▸ What is expected
Scan the records below for the line with "Brooks Brothers Pleated" and the line with "La Policía agredió a un equipo de Crónica", and retype that range exactly, both ends included, pictures excepted.

[[ Source information open ]]

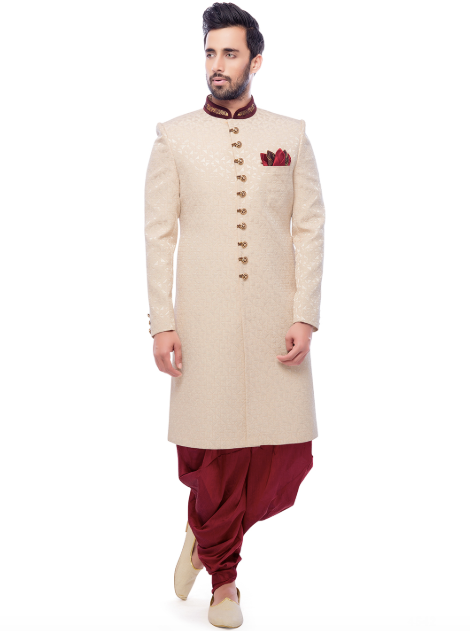 Off-White Wedding Sherwani
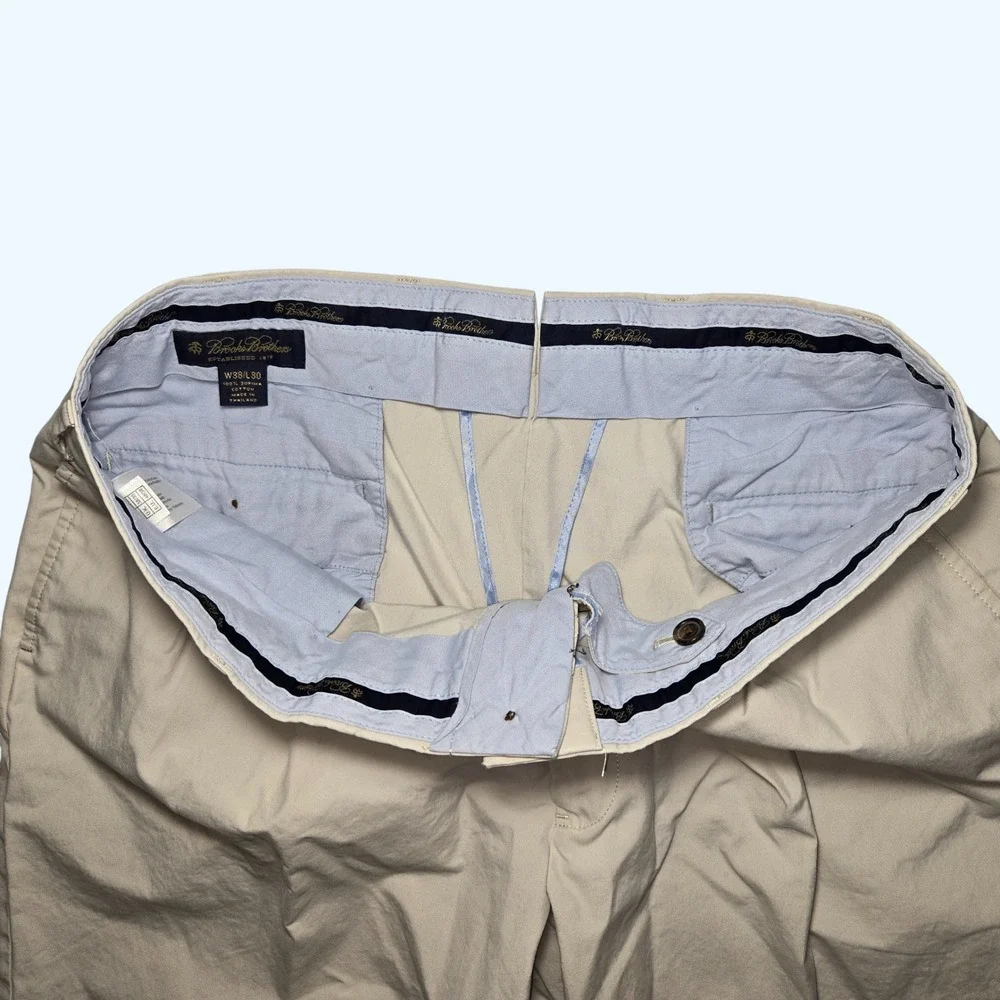 Brooks Brothers Pleated Supima Cotton Mens 38x30 (Fits 29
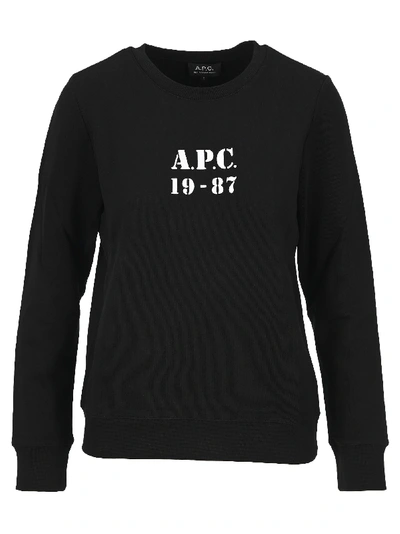 Shop Apc A.p.c. Melissa Sweatshirt In Black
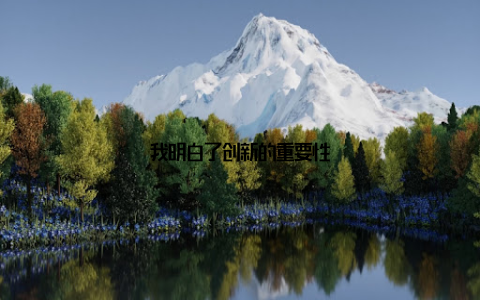 我明白了创新的重要性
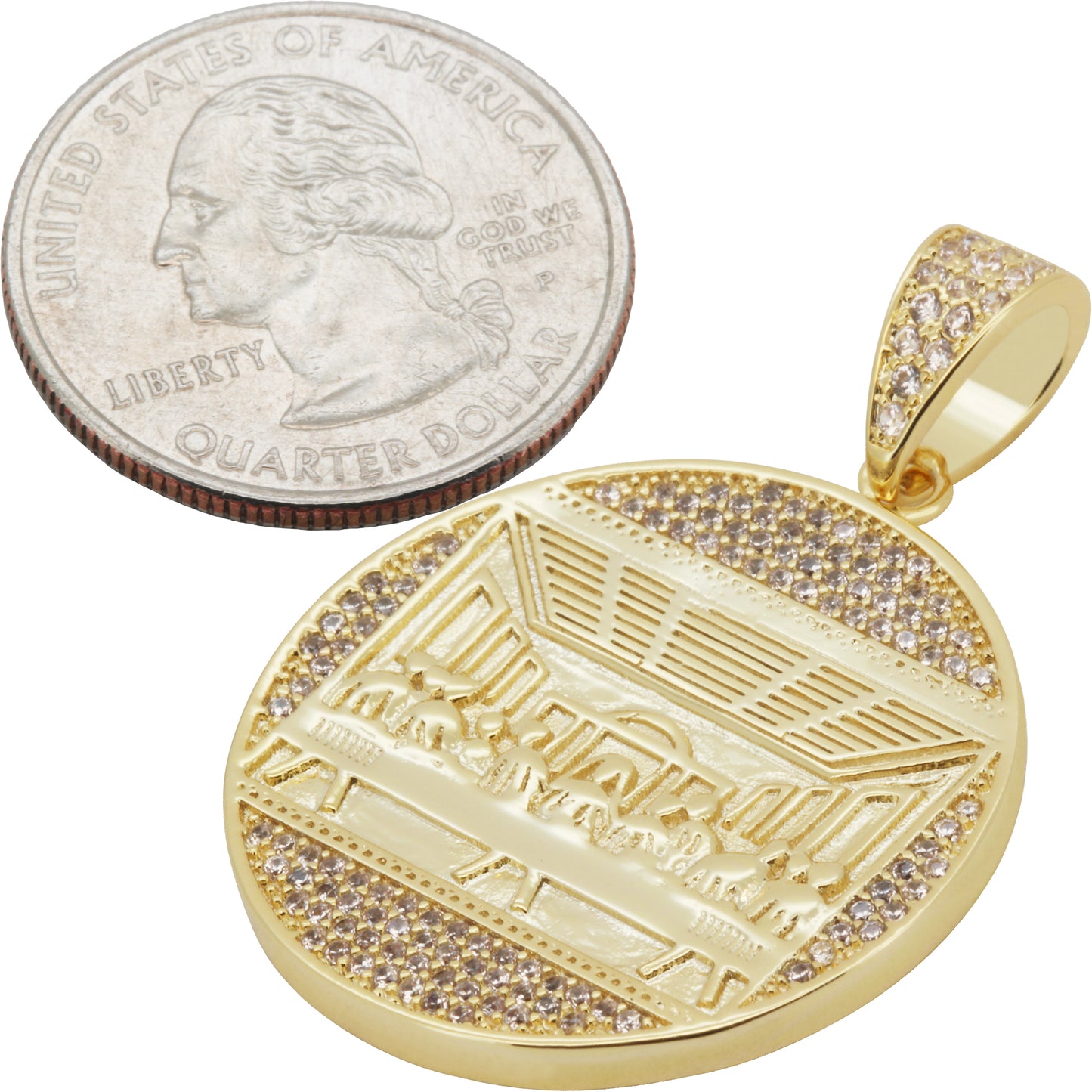 Last Supper Circle Pendant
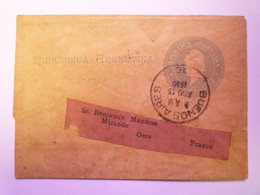 2020 - 9069  BANDE Pour JOURNAL Au Départ De BUENOS AIRES à Destination De MIRANDE (Gers)  1906   XXX - Briefe U. Dokumente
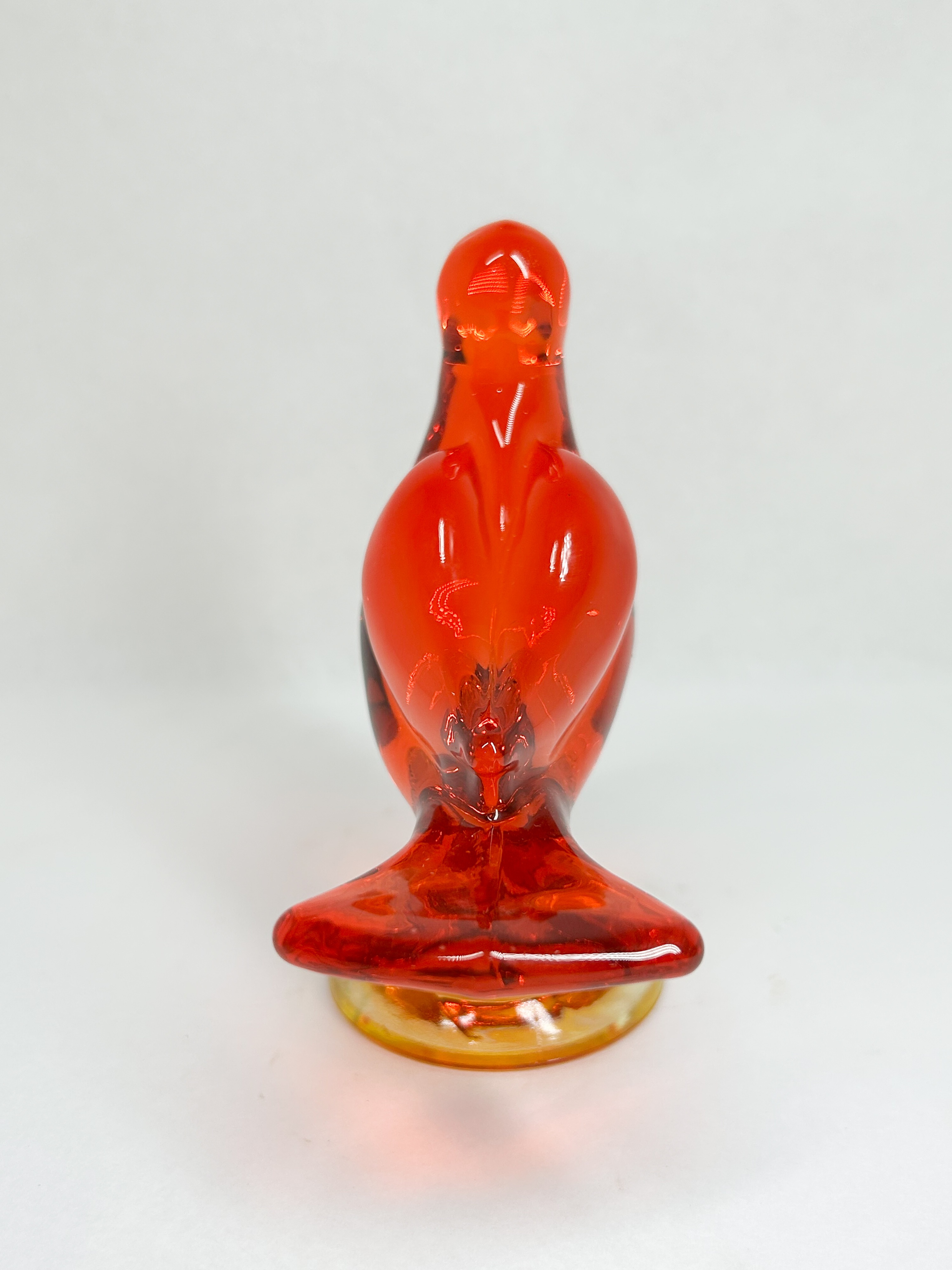VIKING AMBERINA GLASS BIRD FIGURINE
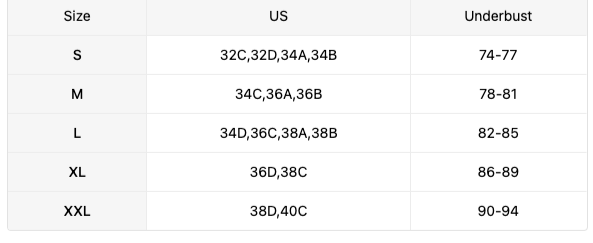 Push Up Bra - 4 pack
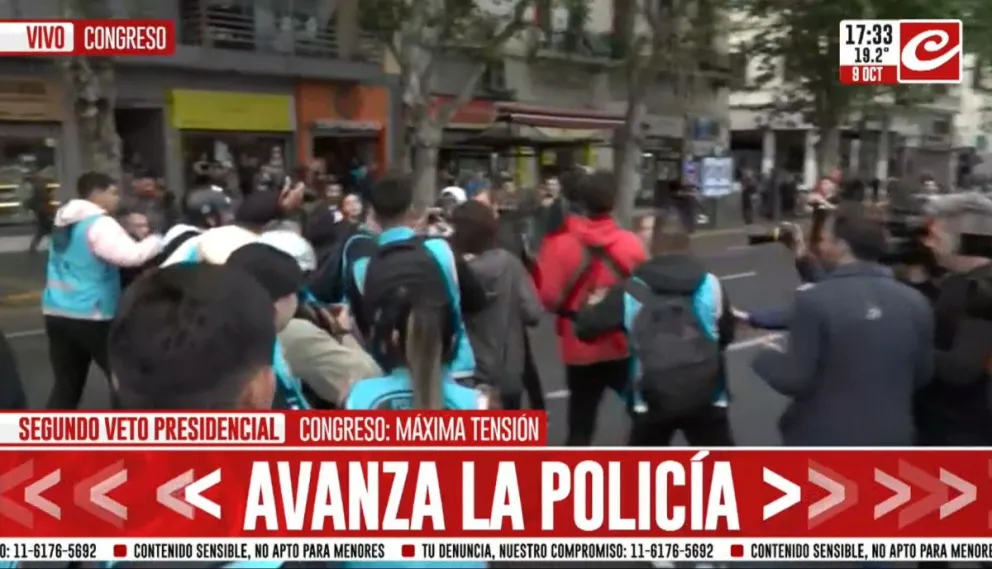 La Policía agredió a un equipo de Crónica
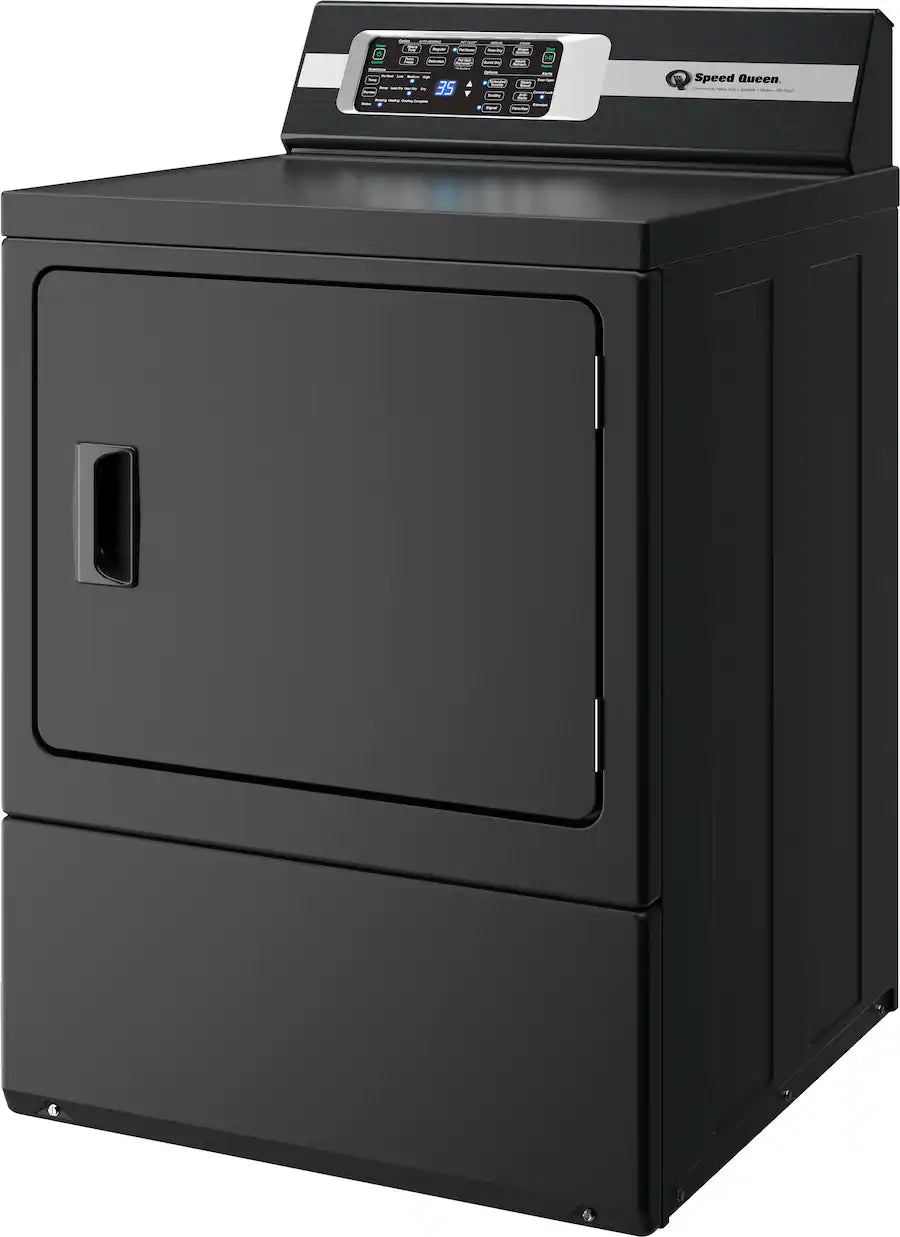 Speed Queen - DR7 Pet Friendly Sanitizing Electric Dryer - Matte Black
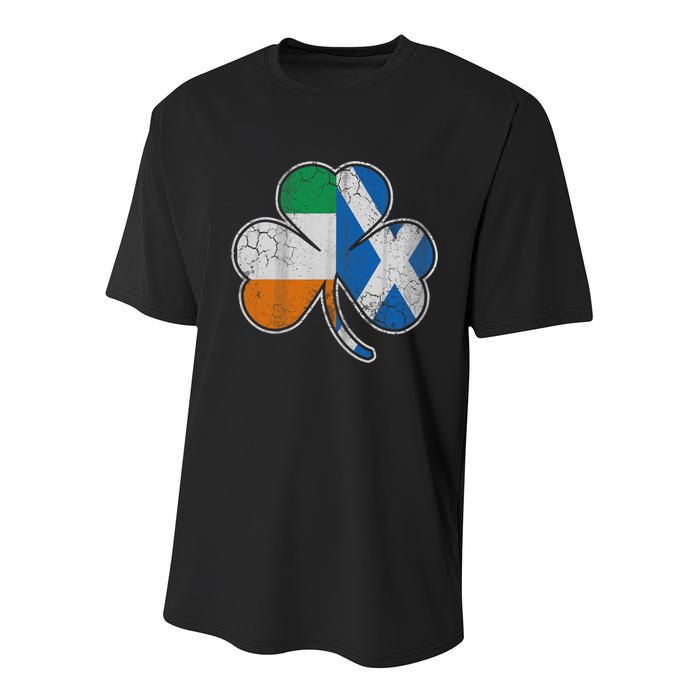 Scotch Irish Shamrock Scottish St Patricks Day Youth Performance Sprint T-Shirt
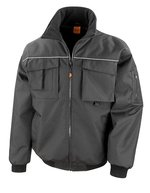 Result WORK-GUARD Sabre Pilotenjacke 320 g/m² – Black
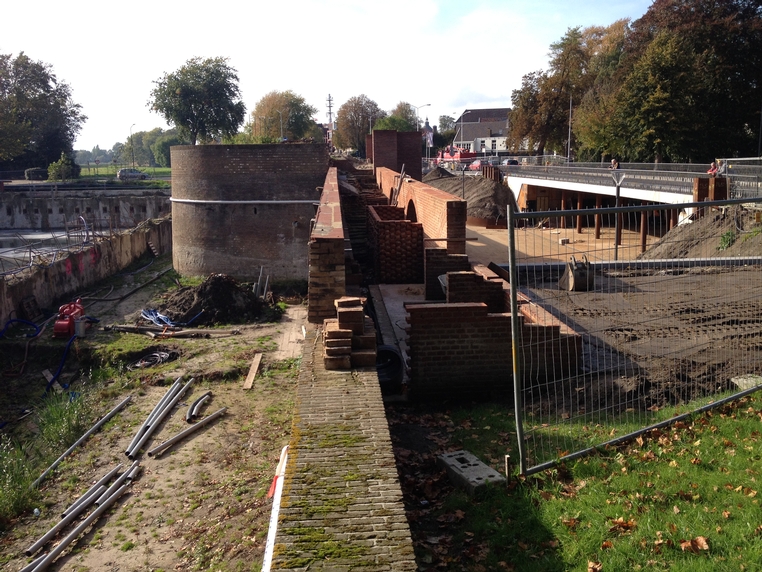 De Stadswalzone van ’s-Hertogenbosch vordert gestaag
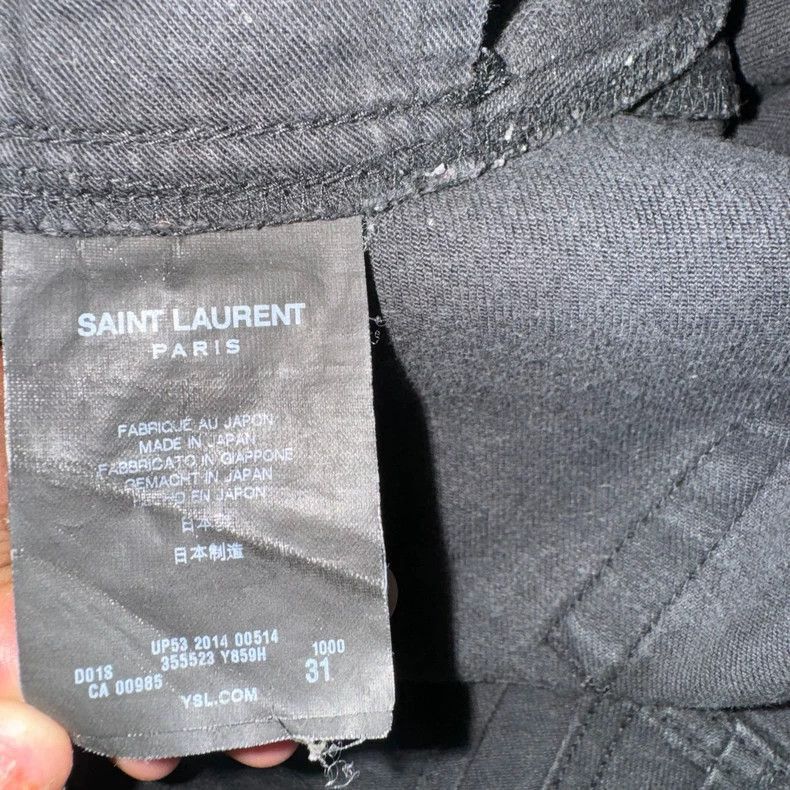 Saint Laurent Paris Saint Laurent SLP14SS Waxed Jeans Size US 31 - 5 Thumbnail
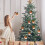 Christmas Tree Ornaments Beige Nonwoven 6-Piece 3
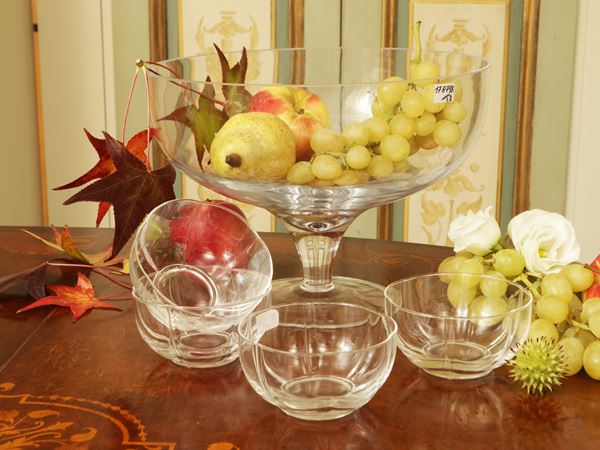 Series of twelve glass dessert cups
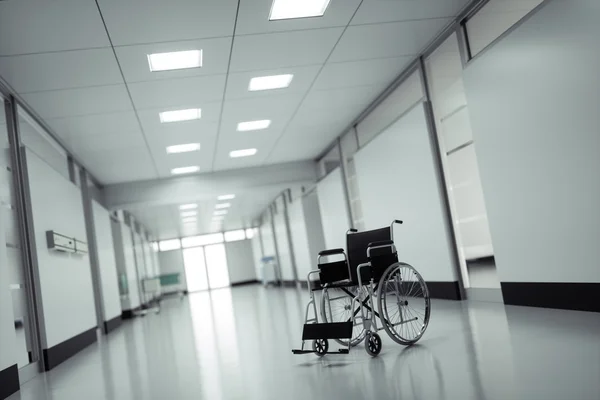 Cadeira de rodas em um hospital — Fotografia de Stock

[[ Source information closed ]]

▸ Solution for this problem
 Brooks Brothers Pleated Supima Cotton Mens 38x30 (Fits 29
 Shop Apc A.p.c. Melissa Sweatshirt In Black
 我明白了创新的重要性
 Last Supper Circle Pendant
 2020 - 9069  BANDE Pour JOURNAL Au Départ De BUENOS AIRES à Destination De MIRANDE (Gers)  1906   XXX - Briefe U. Dokumente
VIKING AMBERINA GLASS BIRD FIGURINE
 Push Up Bra - 4 pack
 La Policía agredió a un equipo de Crónica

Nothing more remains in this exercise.